On top of that, financial institutions as of this year are required to report international wire transfers with a value of $10,000 or more to FINTRAC – and to the federal taxman. FINTRAC uses electronic funds transfer information to detect and deter money laundering and terrorist financing while the CRA will use this data to enhance risk assessment for tax non-compliance, according to Jennifer McCabe, a CRA spokesperson. A specialized team has been established within the CRA’s Offshore Compliance Division to assess and analyze electronic funds transfer’s data, who will disseminate it “appropriately” within the CRA, added McCabe. This data will be used to match against taxpayers’ income tax filings and disclosed offshore holdings such as the offshore tax informant program submissions.
“The Canada Revenue Agency already has access to significant amounts of data,” said Jennifer Fiddian-Green, CPA, CMA, CA-IFA, CFE, CFI, and head of the National Forensic and Dispute Resolution Advisory at Grant Thornton LLP. “They have this data, the movement of money, and they have our tax files in front of them. So if there is something that doesn’t make sense to them, all they have to is compare that information. It is a powerful tool. I don’t believe that the stakeholders in our economy really understand the access that the CRA has.”
It may end up with much more information in the not-too-distant future. Earlier this summer, the federal government released proposed amended regulations under the Proceeds of Crime (Money Laundering) and Terrorist Financing Act (PCMLTFA) that would lower the bar for reporting STRs, said Jacqueline Shinfield, a lawyer with Blake, Cassels & Graydon LLP specializing in regulatory compliance in the retail financial services and payments industry.
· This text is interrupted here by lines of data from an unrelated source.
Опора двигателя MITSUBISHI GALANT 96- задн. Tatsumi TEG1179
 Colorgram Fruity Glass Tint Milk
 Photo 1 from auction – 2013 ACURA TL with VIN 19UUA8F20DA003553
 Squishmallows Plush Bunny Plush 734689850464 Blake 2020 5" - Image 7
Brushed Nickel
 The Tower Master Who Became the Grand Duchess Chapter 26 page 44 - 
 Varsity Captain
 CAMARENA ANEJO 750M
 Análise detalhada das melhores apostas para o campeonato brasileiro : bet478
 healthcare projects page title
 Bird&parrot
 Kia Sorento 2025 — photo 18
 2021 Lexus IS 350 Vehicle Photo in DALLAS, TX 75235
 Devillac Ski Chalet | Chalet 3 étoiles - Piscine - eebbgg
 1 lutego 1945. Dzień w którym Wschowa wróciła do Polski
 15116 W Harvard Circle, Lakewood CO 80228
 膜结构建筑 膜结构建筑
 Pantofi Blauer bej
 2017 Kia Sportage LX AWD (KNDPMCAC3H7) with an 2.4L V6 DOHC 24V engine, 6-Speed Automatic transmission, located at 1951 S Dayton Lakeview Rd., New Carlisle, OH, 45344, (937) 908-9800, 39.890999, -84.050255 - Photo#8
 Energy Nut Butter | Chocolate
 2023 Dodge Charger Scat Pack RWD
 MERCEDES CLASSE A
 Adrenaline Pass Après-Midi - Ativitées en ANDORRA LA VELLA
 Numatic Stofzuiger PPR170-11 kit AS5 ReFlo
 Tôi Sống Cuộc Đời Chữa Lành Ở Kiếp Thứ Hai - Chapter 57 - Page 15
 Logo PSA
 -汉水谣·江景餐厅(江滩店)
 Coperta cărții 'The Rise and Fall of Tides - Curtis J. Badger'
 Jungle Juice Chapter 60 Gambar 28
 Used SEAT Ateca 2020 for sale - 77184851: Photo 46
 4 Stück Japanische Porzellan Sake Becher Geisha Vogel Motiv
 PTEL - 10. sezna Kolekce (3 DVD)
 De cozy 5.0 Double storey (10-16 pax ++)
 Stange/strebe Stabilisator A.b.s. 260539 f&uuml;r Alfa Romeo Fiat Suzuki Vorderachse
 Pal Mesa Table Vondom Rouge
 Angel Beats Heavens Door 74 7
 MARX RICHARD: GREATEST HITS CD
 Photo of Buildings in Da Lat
At present, reporting entities are required to file STRs when it detects a fact that “constitutes reasonable grounds to suspect” that the transaction is related to the commission of a money laundering or terrorist activity financing offence. But under the proposed regulation, the threshold for filing a STR would change from ““constituting reasonable grounds” to “reasonably expected to raise reasonable grounds.”
“What that means will depends on how FINTRAC interprets that when they examine institutions that are subject to its regime,” said Shinfield. “But it’s certainly in my view, if it was passed and implemented as it is currently worded, gives FINTRAC a little more wiggle room to say the standard is a little bit lower and requires filings for things that may not have hit the reasonableness standard. It will require entities that are regulated under this legislation to look more critically upon transactions to see if they require STRs.”
Craig Hannaford, a CFE, CGA, and former RCMP officer who worked in the commercial crime and computer crime division, believes that slowly but surely the purpose behind STRs is broadening in ways that was inconceivable when the PCMLFTA was enacted at the turn of the century. “We have to be careful about how we go about giving tax authorities access to information and databases that were originally designed to assist investigations into money laundering and terrorist financing,” said Hannaford, founder of Hannaford Partners Inc. “It’s almost like the expansion of this for tax investigation, which has always been kept separate, is coming through the backdoor, without generating much discussion or a huge debate.”